Biden: We need more oil from Canada, but not through a pipeline

Biden: We need more oil from Canada, but not through a pipeline
(AP Photo/Nati Harnik, file)

People seem to be realizing that Joe Biden’s plan to drain the Strategic Petroleum Reserve down to less than half of its maximum capacity isn’t going to do anything to cut gas prices by more than a dime or so. Biden and his advisers have apparently reached the same conclusion themselves. As this realization dawns, the White House appears to have finally figured out that if you want gas prices to drop you either have to reduce demand or increase the supply. (Funny how that works, eh?) Telling people to stop driving is a nonstarter, so they’re going to have to find some more gas. And to make more gas you need more oil.

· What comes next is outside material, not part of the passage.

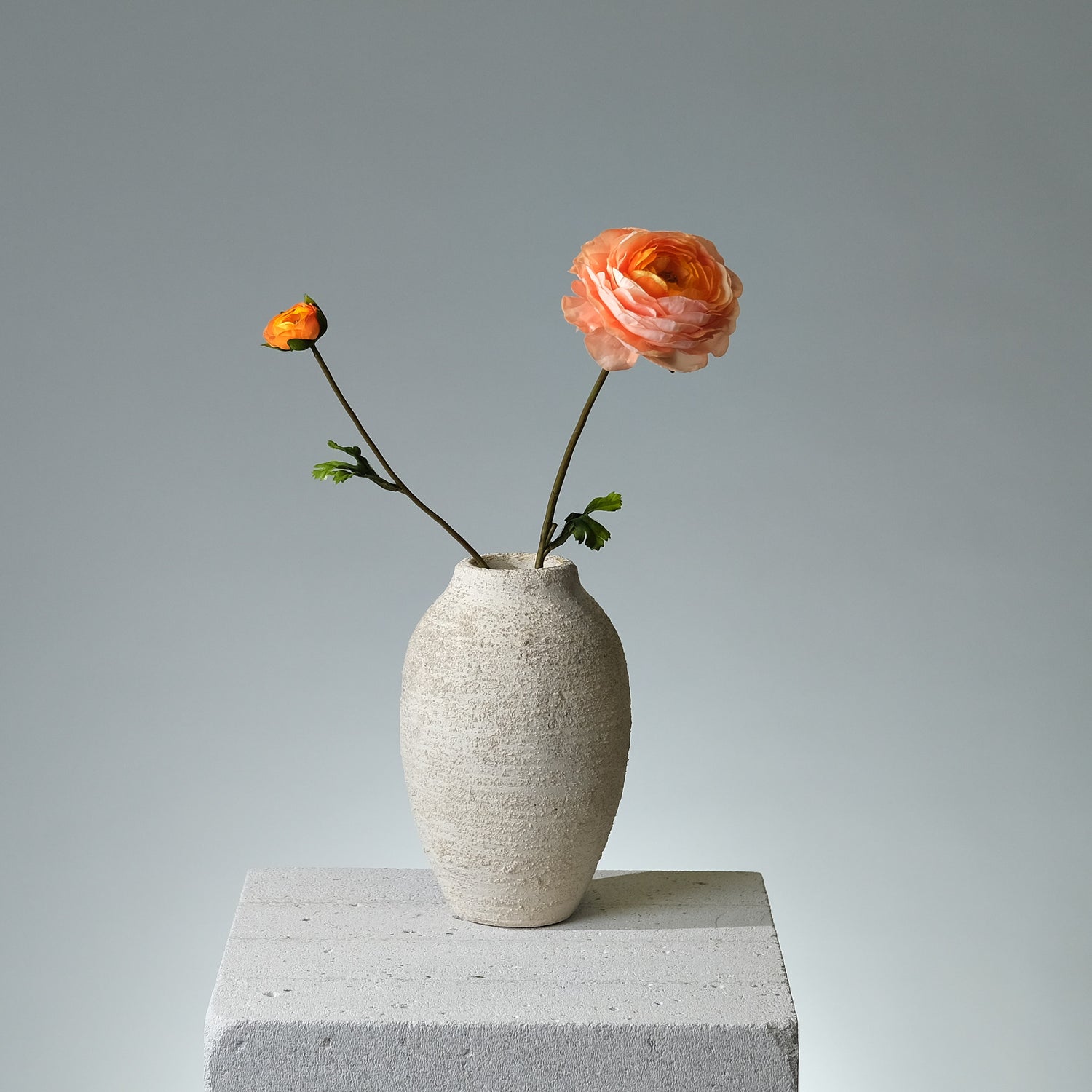 Ranunkel Laxrosa - FLORISSMA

But where will he find it? Asking Russia for oil at this juncture would be awkward, to say the least. And OPEC hasn’t shown any interest in pumping up their output. So Biden is now looking to get more oil from our partners in Canada. That’s not a terrible idea because they are a reliable ally that pumps a huge amount of oil. But Joe Biden is still drawing one very big red line in the tar sands. He doesn’t want to finish construction on a new pipeline to get more oil to United States refineries. Why? Because that might make some of his base of voters even more angry. (Wall Street Journal, subscription required)

Biden administration officials are seeking ways to boost oil imports from Canada, people familiar with the situation say, but with one big caveat—they don’t want to resurrect the Keystone XL pipeline that President Biden effectively killed on his first day in office.

The people said deliberations are in early stages and that no clear-cut solutions have emerged.

Canada could export some more oil via rail, according to analysts and others familiar with the situation, and it could also pump more oil by increasing pressure on existing lines or by installing larger pipelines along permitted routes.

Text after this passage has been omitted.